**EXERCISE OBJECTIVE**
Omit all pictures and give the records below again exactly as written.

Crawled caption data
<<<<

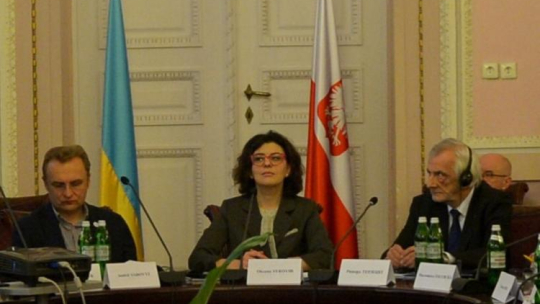  Wicemarszałek Sejmu RP Ryszard Terlecki (centrum-P) i wiceprzewodnicząca Rady Najwyższej Ukrainy Oksana Syroid (C) podczas IX sesji Zgromadzenia Parlamentarnego Polski i Ukrainy we Lwowie. Fot. PAP/D. Delmanowicz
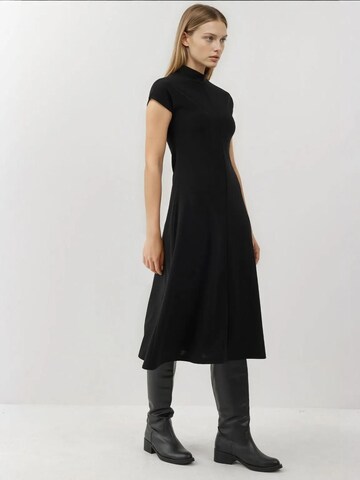 Hiccup Kleid in Schwarz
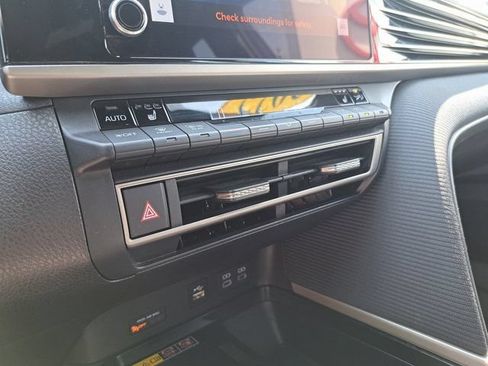 Used 2025 Toyota Camry SE w/ Convenience Package FWD image 18
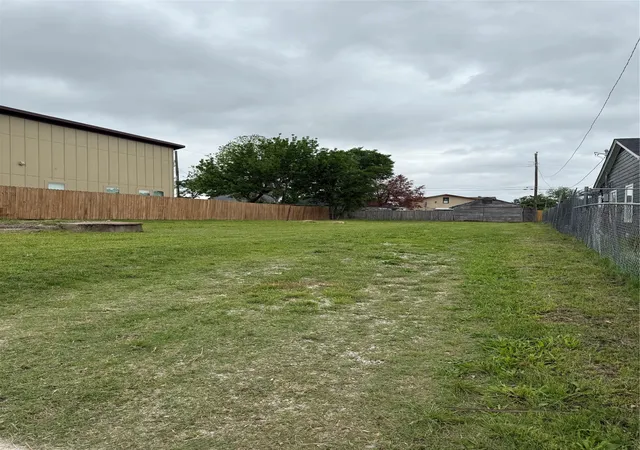 Photo 3 of Land for sale at 1423 Hendricks Ave, Dallas, TX 75216 | MLS# 21246795 | Listing updated on 2026-09-12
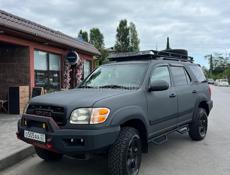 Toyota Sequoia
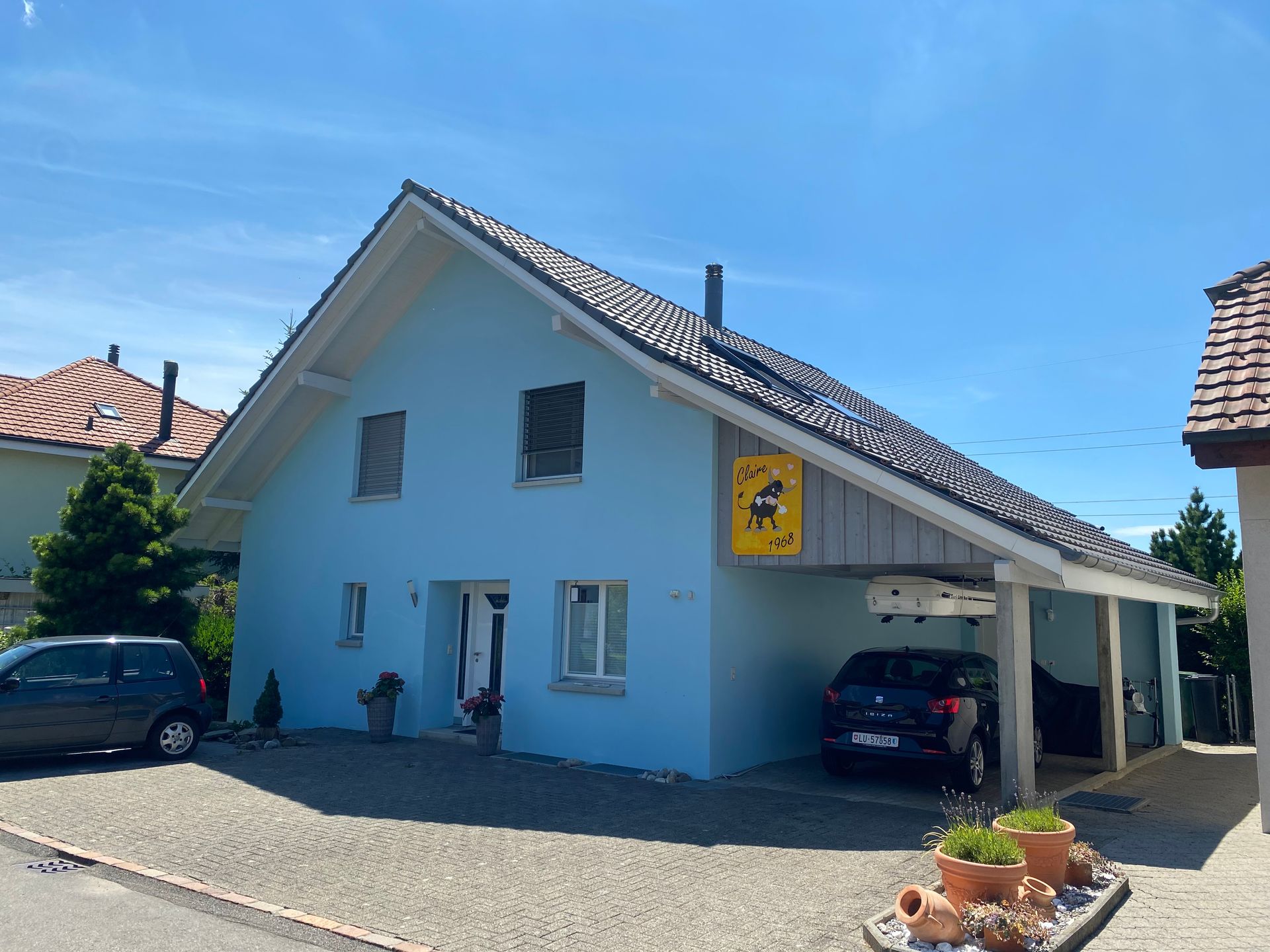 Fassadenrenovation blau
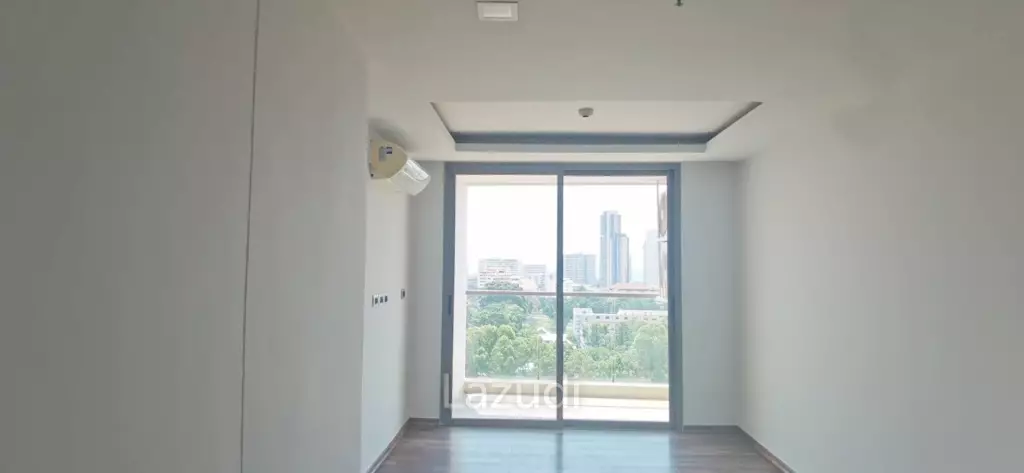 Unfurnished 1 Bed for Sale at The Peak Towers
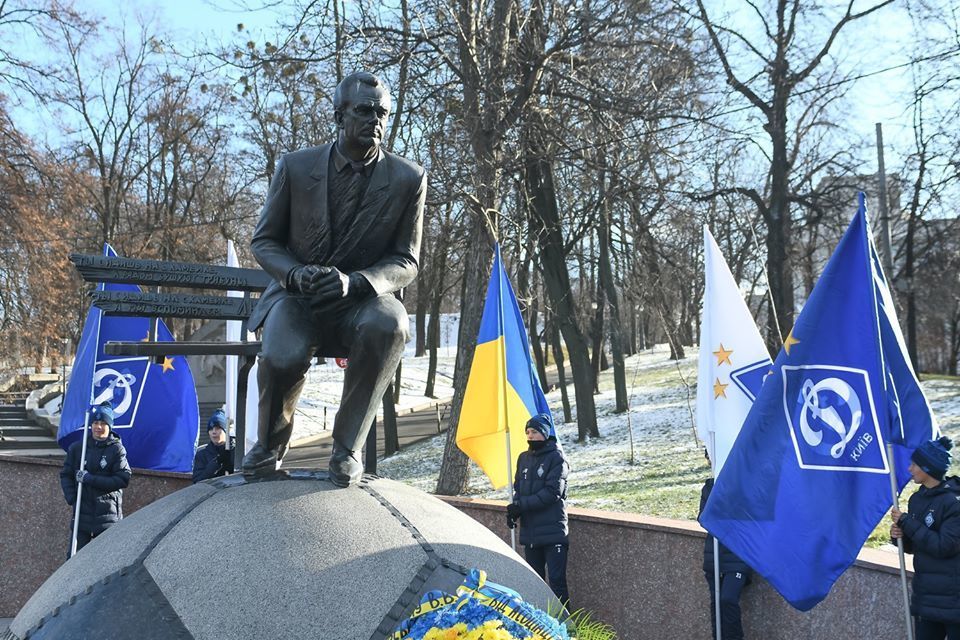 вшанування лобановського_1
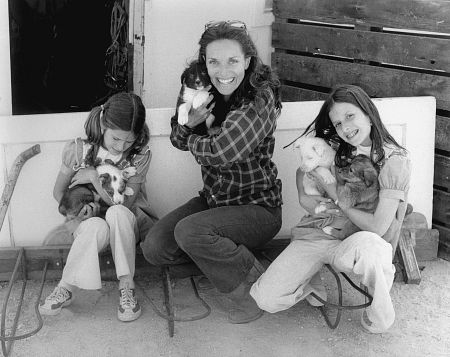 Lee Meriwether with her kids Lesley and Kyle, c. 1975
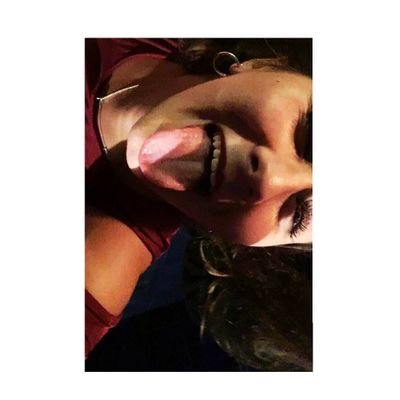 _Maria_Carrasco's profile picture. UAM. Todo tiene su límite.   

  ভাগ্য                      
 -Courage beats the fear- http://t.co/zeTeWShVzi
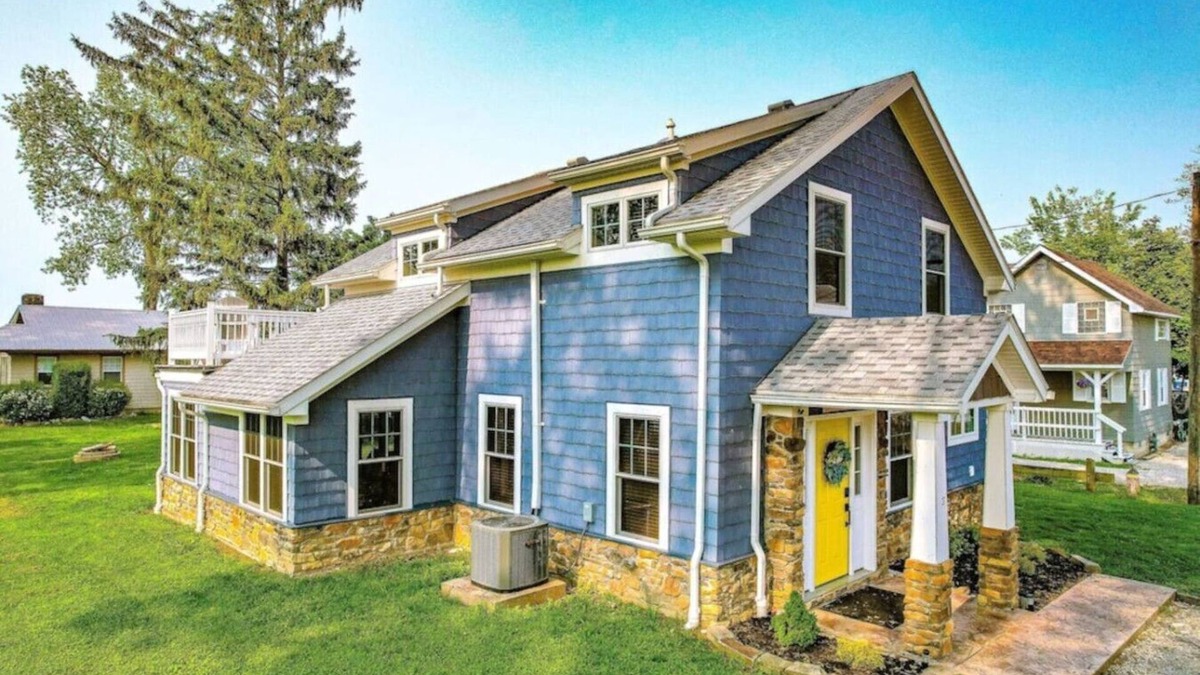Huron House | Steps from Lake Erie & Close to Cedar Point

>>>>

**EXPECTED ANSWER**
  Wicemarszałek Sejmu RP Ryszard Terlecki (centrum-P) i wiceprzewodnicząca Rady Najwyższej Ukrainy Oksana Syroid (C) podczas IX sesji Zgromadzenia Parlamentarnego Polski i Ukrainy we Lwowie. Fot. PAP/D. Delmanowicz
 Hiccup Kleid in Schwarz
 Used 2025 Toyota Camry SE w/ Convenience Package FWD image 18
 Photo 3 of Land for sale at 1423 Hendricks Ave, Dallas, TX 75216 | MLS# 21246795 | Listing updated on 2026-09-12
 Toyota Sequoia
 Fassadenrenovation blau
 Unfurnished 1 Bed for Sale at The Peak Towers
 вшанування лобановського_1
 Lee Meriwether with her kids Lesley and Kyle, c. 1975
 _Maria_Carrasco's profile picture. UAM. Todo tiene su límite.   

  ভাগ্য                      
 -Courage beats the fear- http://t.co/zeTeWShVzi
Huron House | Steps from Lake Erie & Close to Cedar Point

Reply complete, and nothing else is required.